Source Analysis of Evoked Activity

We observed an increase in amplitude in right dorsolateral prefrontal cortex, right temporal gyrus, right angular/parietal gyrus, and left superior medial frontal gyrus for successful withholds and an increase in amplitude in left postcentral and superior parietal gyrus for hits (Fig. 2A,B, Table 2). Increased activity in postcentral, somatosensory areas was also shown in an fMRI study and is considered to be associated with sensory feedback of the actual button press [Menon et al., 2001]. Furthermore, unsuccessful withholds in comparison to hits showed an increase in amplitude in similar areas as successful withholds, especially in right prefrontal cortex (see Supporting Information Fig. S1).

Figure 2.

Figure 2

Evoked field analysis on source level. A and B show the main effect of go‐nogo for the period 0–500 ms. A Areas with stronger activity for successful withholds (SW); B Areas with stronger activity for hits. Cortical activity was rendered onto the surface of a standard anatomical brain volume (Montreal Neurological Institute). For display, significance threshold was lowered to P < 0.01 (uncorrected). C Time courses of activity of voxels surrounding the peak voxel of the most significant cluster for the contrast successful withholds versus hits (rDLPFC). Time courses are shown as mean over all subjects separately for all conditions. Dashed line: mean reaction time of hits. [Color figure can be viewed in the online issue, which is available at http://wileyonlinelibrary.com.]

Table 2.

Clusters of significant differences in evoked activity between successful withholds and hits (shown in Figure 2)

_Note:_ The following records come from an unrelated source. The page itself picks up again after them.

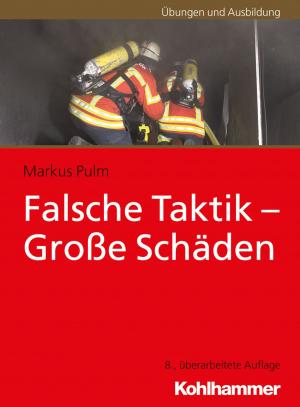 Cover of the book Falsche Taktik - Große Schäden by Hans Brox, Bernd Rüthers, Martin Henssler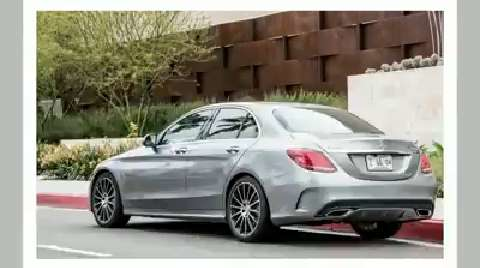 preview for 2015 Mercedes-Benz C400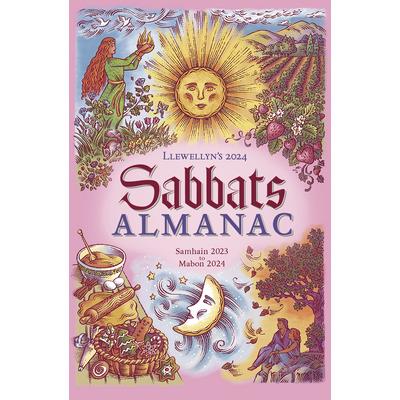 Llewellyn’s 2024 Sabbats Almanac
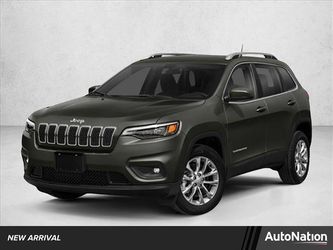 2020 Jeep Cherokee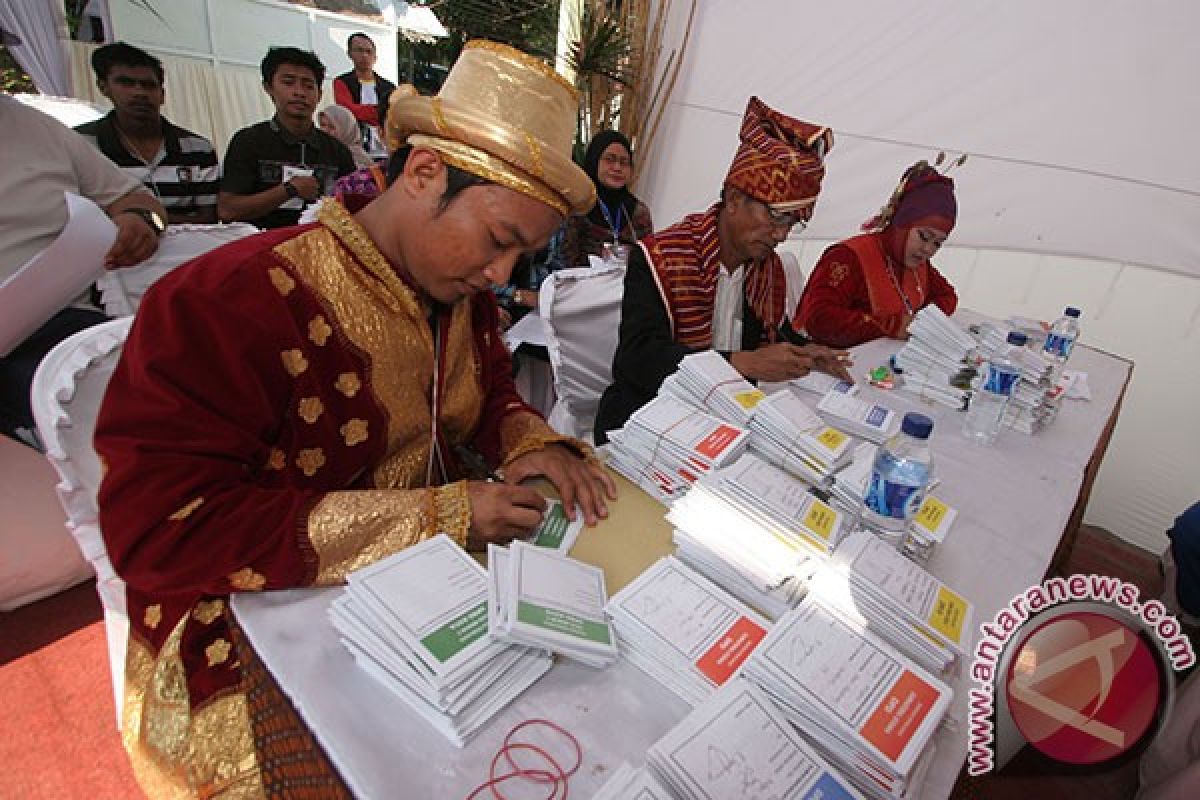 Bosan antre, nyoblos pun urung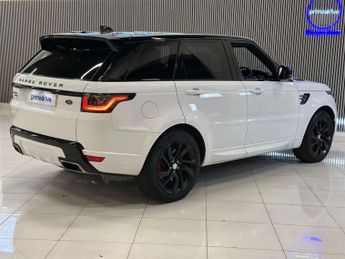 LAND ROVER RANGE ROVER SPORT 2.0 Range Rover Sport HSE Dynamic P400e Auto 4WD 5dr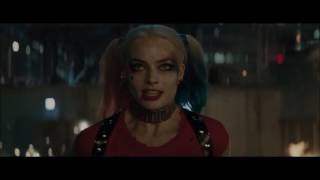 Suicide Squad (HD) - Harley Escapes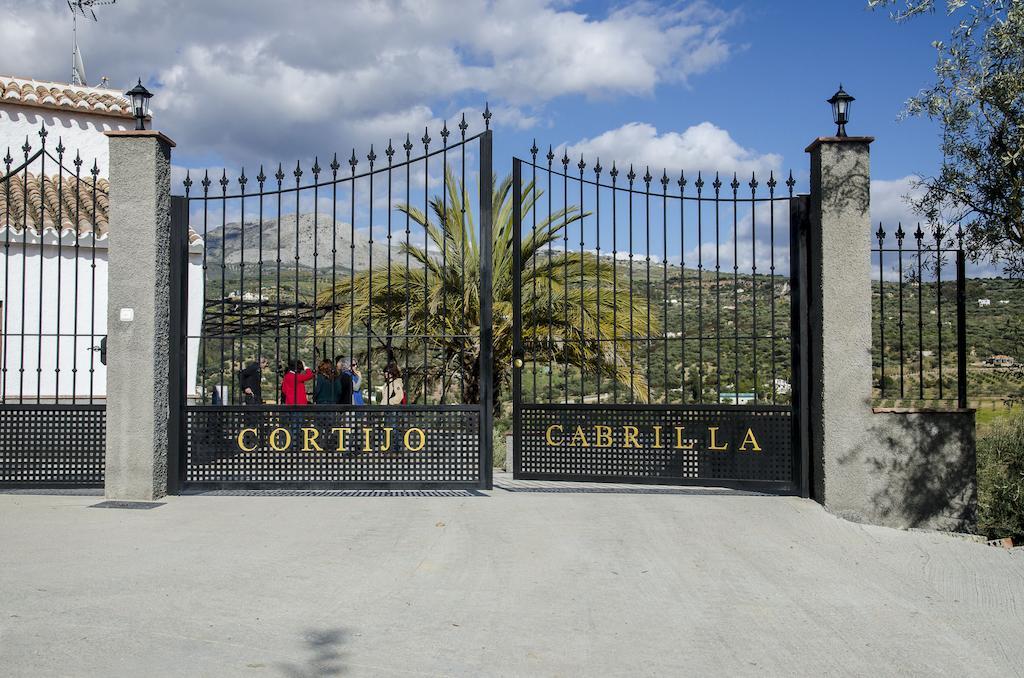 Вилла Cortijo Cabrilla Периана Номер фото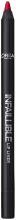 Infallible Ultra-precise Lip Liner 105 red fiction Infallible Ultra-precise Lip Liner 105 red fiction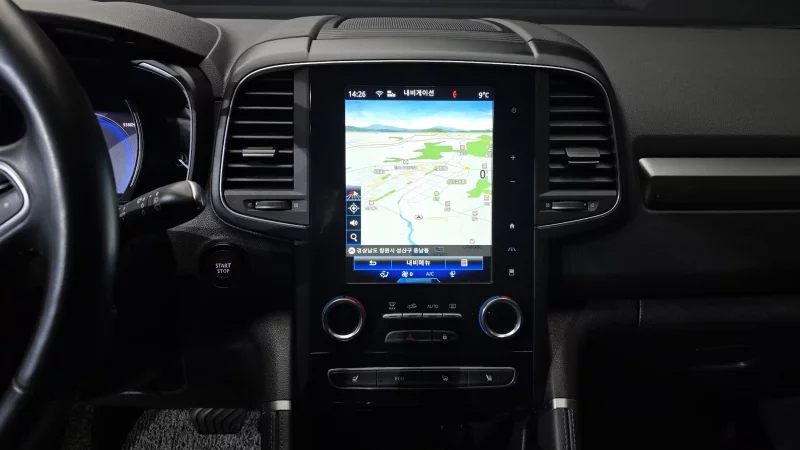 Renault Samsung QM6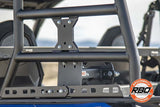 Razorback Offroad Polaris General 1000 Spare Tire Mount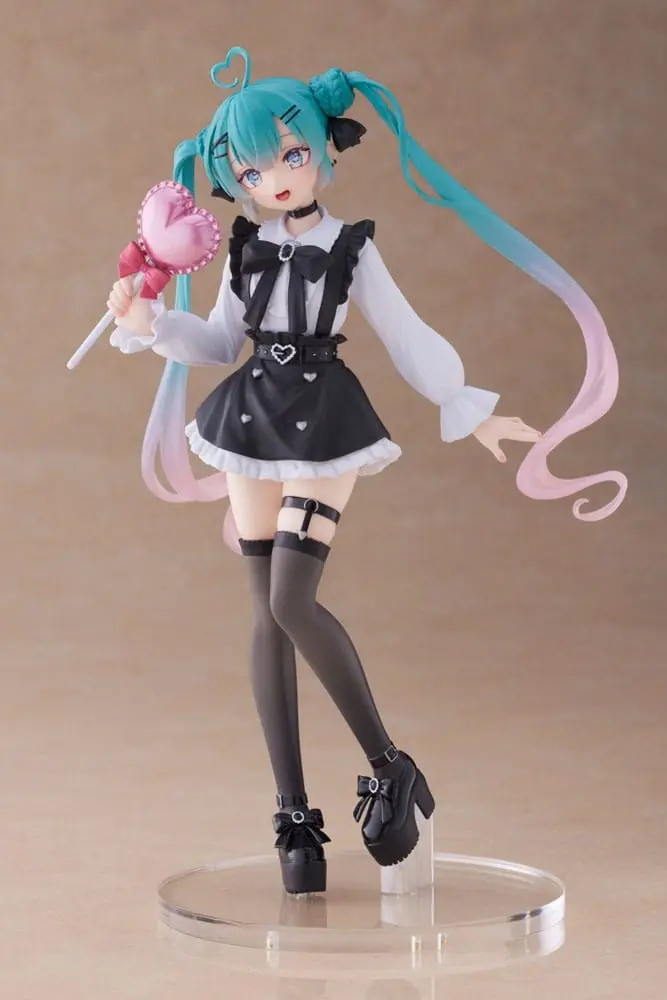Hatsune Miku PVC Statue Fashion Subculture Version product photo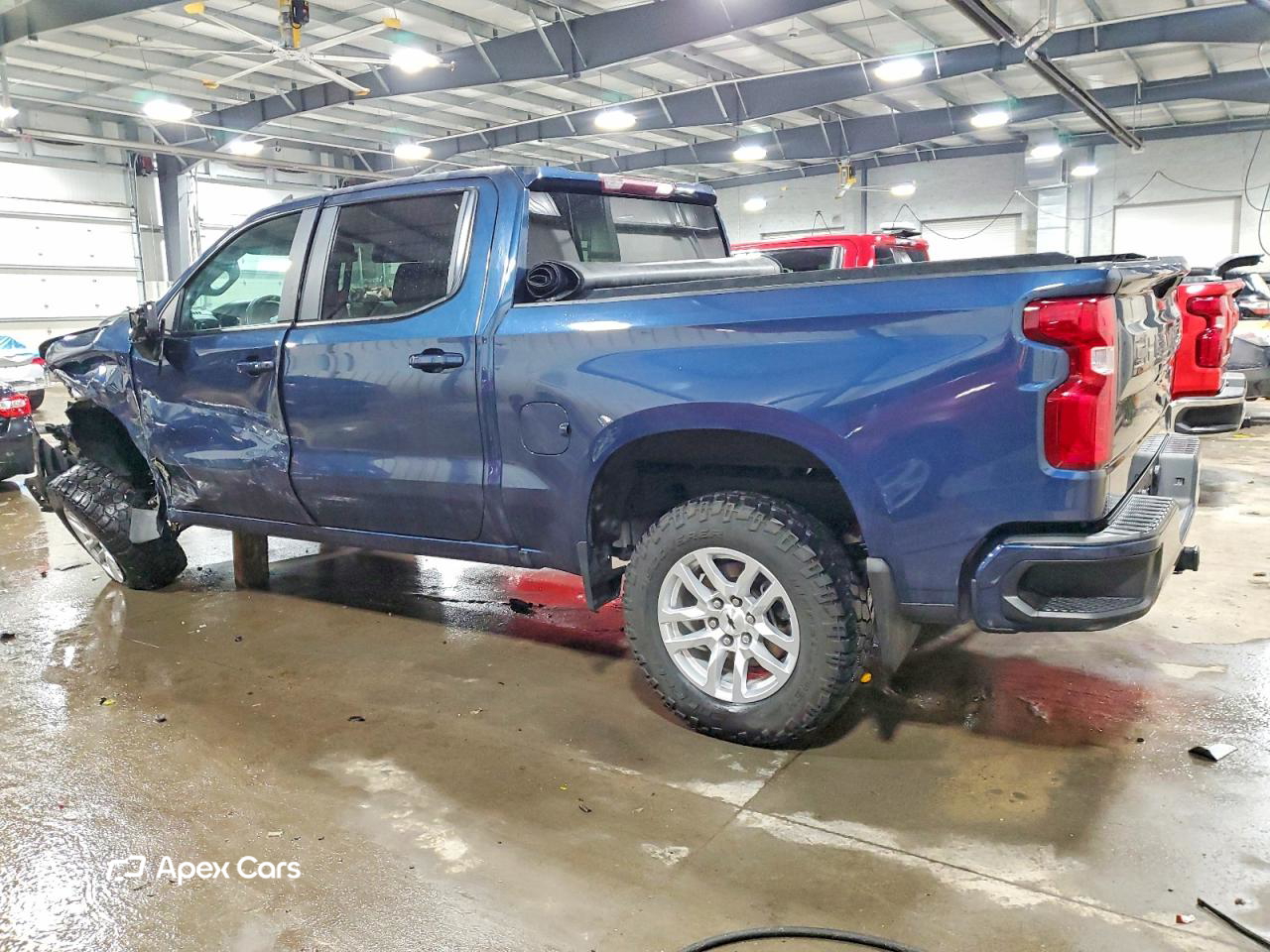 Chevrolet Silverado 2020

Brain region Side Coordinates Cluster size (in voxels) Z P (uncorr.)
x y z
Succesful withholds > Hits
Middle frontal gyrus r 40 36 20 586 3.76 0.000
Middle temporal gyrus r 58 −50 2 112 3.53 0.000
Angular gyrus r 48 −52 22 38 3.43 0.000
Medial frontal gyrus l −8 56 24 153 3.26 0.001
Hits > Successful withholds
Postcentral gyrus l −56 −16 14 76 3.36 0.000
Superior parietal lobule l −18 −54 s68 23 3.30 0.000

Extracted time courses of the source activity at the peak voxel in the rDLPFC during successful withholds in comparison to hits are shown in Figure 2C. Both hit conditions showed constant source activity throughout the entire time span, whereas the successful withhold conditions showed a prominent peak at around 270 ms with sustained increased amplitude for the rest of the investigated time span. A similar increase was also observed for unsuccessful withholds (see Supporting Information Fig. S1).

Induced Activity

Induced oscillatory activity in the alpha band showed a statistically significant difference between successful withholds and hits in a cluster of channels over the right frontal cortex. Alpha power in these channels was significantly higher for successful withhold trials between 250 and 400 ms compared to hit trials. Source reconstruction revealed a strong difference between successful withholds and hits in the rDLPFC (MNI peak coordinates: 40 40 10) (Fig. 3B). Time courses of the alpha power change in right frontal sensors for successful withholds and hits are shown in Figure 3C. Successful withhold as well as hit trials showed a small increase in alpha power after stimulus onset. Whereas the power slowly decreased at around 150 ms after stimulus onset in the hit condition, there was a further increase in the successful withhold condition with a peak at around 350 ms and an elevated level for the rest of the investigated time span.

Figure 3.

Figure 3

Activity within the alpha frequency band (8–12 Hz). A Go‐nogo difference of time frequency representation (TFR) in the alpha frequency band. Red indicates higher power for successful withholds and blue higher power for hits. Significant channels are displayed by stars (P < 0.01). B Source reconstruction of the difference in alpha band with DICS beamformer in the period of 100–500 ms, projected onto a surface. Areas with higher power for successful withholds than for hits are shown. The strongest activity difference was observed in right middle frontal gyrus (MNI coordinates: 40 40 10). C Mean power at 10 Hz of TFR in channels of right prefrontal cluster is shown. Black: go trials with correct response (hits), Green: nogo trials with successful withholding of the response, Dashed line: mean reaction time of hits. [Color figure can be viewed in the online issue, which is available at http://wileyonlinelibrary.com.]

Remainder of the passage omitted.